3. Encouraging Good Practices
Of course, you can start to avoid these bad practices by yourself. However, I would really love it, if data orchestrators were starting to help you make good choices.
Data orchestrators obviously already know good practices of data pipelines. Some of them as outlined above include:
Decouple DAGs, break them down, and remove dependencies.
Run workload in parallel by default if possible.
Have fault-tolerant sub-DAGs. If one part breaks but the rest is only “a bit dependent”, run it anyways.
Rerun failed tasks if possible.
Focus on getting the output there.
Reduce duplication by having sub-DAGs and DAGs easily configurable.
Possibly enabling resending of messages, adding optional caching layers,...(or at least incorporating them in some way into the orchestrator!).
Making the data a first-class citizen, not just the output of the “workload”.
Good practices should lead to a simple state of your data system. Workloads should only break if true human intervention is needed. If that happens, they should be swiftly alarmed. And, everything else should be working as usual. The blast radius should be minimal.

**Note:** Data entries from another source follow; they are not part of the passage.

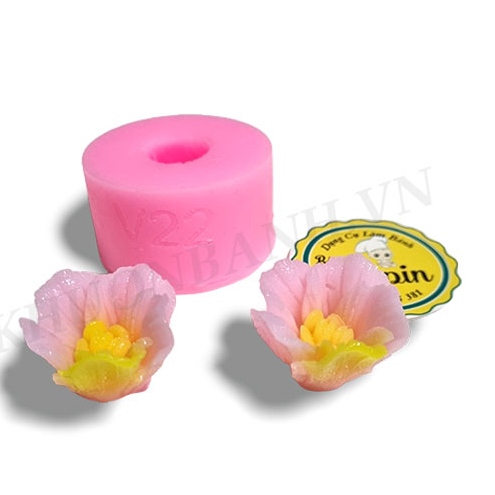 Khuôn silicon bông hoa mã V22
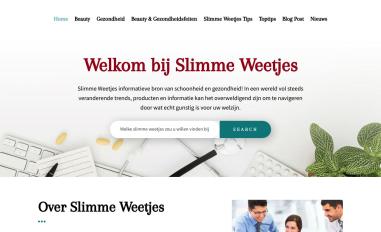 Schermafbeelding van slimmeweetjes.nl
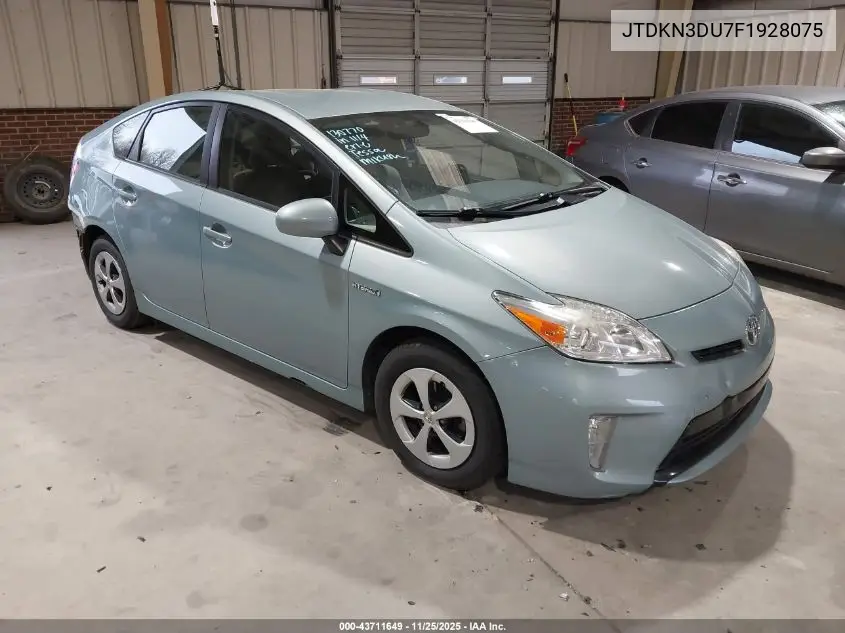 JTDKN3DU7F1928075 2015 Toyota Prius Two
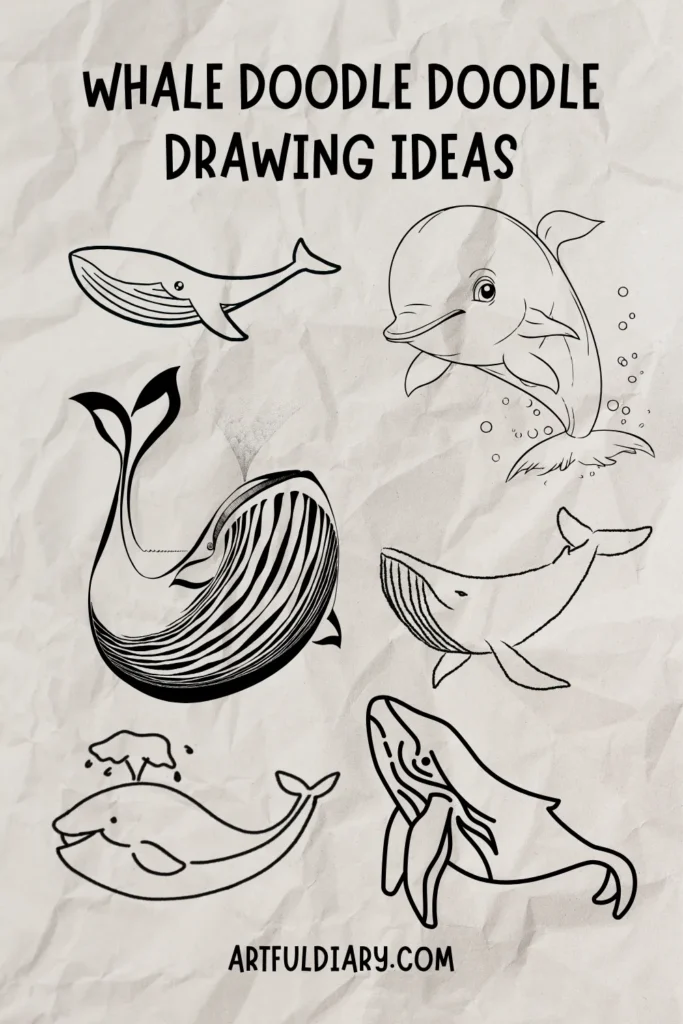 Whale Doodle Drawing Ideas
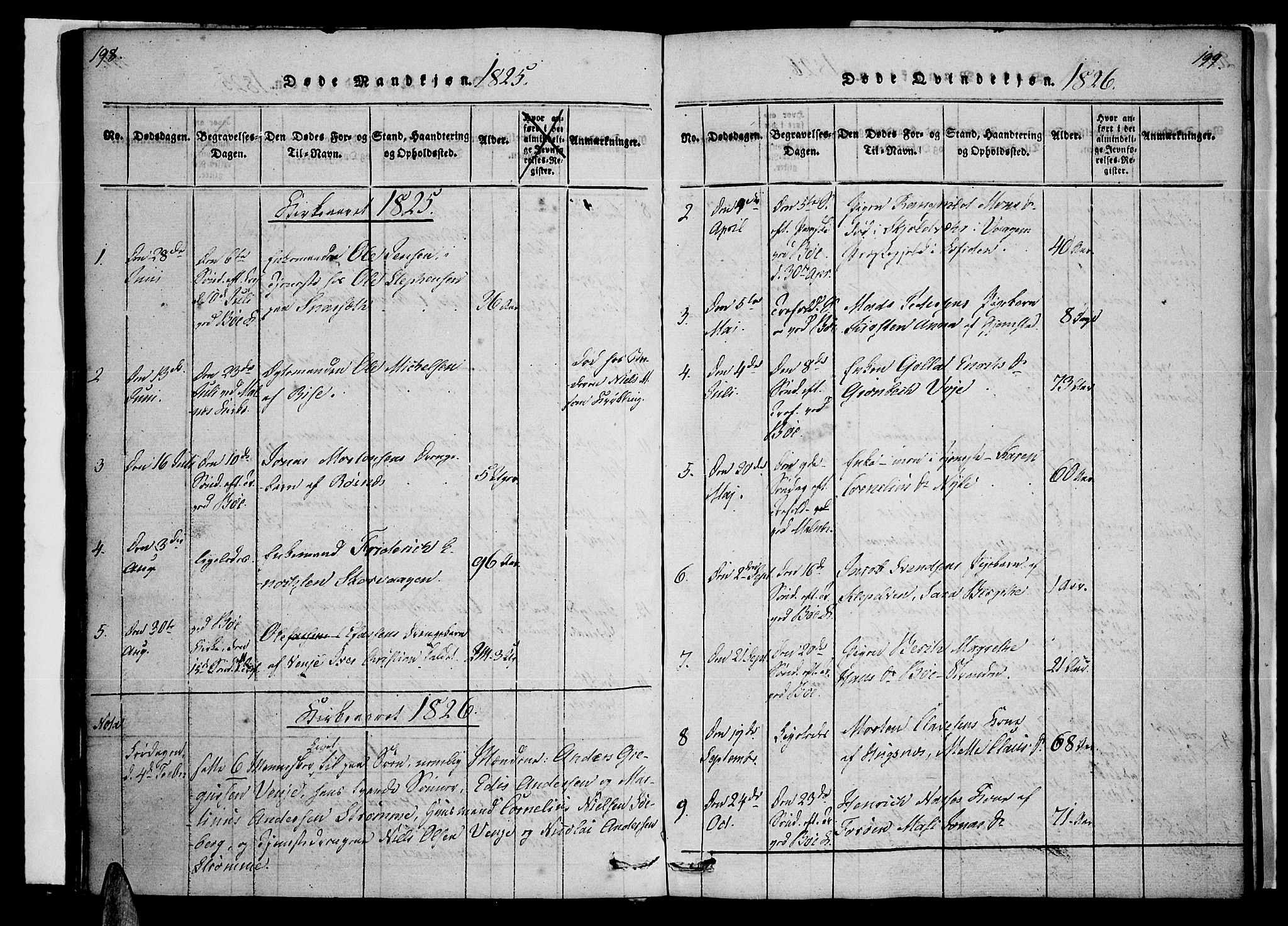 Ministerialprotokoller, klokkerbøker og fødselsregistre - Nordland, AV/SAT-A-1459/891/L1298: Parish register (official) no. 891A03, 1820-1840, p. 198-199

Key idea: A great data orchestrator helps us build data systems that by default don’t “break”. Only parts of them break, and if they do, the rest keeps on operating, and developers are alarmed immediately.
The Data World talks about DAGs
I’m very thankful to Nick Schrock for challenging the draft for this post a LOT. So I’m quite happy to see that the data world is already starting to move in the right direction, although I feel very much that it’s still a long way to go, simply because the mindset of the data developer very often is still focused more on the technical process than on the data output.
The Dagster 1.0 Launch together with GA is a big step toward a tool that is trying to put more of the data output into the center of the work, happy to see that happen.
Additionally, Benn Stancil put out an article called “Down with the DAG” illustrating much better than I could why the data output perspective is so crucial.
One key point from Benn’s post and one I argued with Nick over is the following idea:
Key Point: If really only the output of your data product/application is important because it’s the thing that delivers the value, then you have a lot of freedom in implementing this or very similar output. That means you can design your dependencies, and your DAGs in multiple different ways. There is no “DAG” inherent in a certain data output, the data developer builds the DAG and he may choose to build a very different one, a better one, a loosely coupled one, with a very similar result which might end up being much more valuable.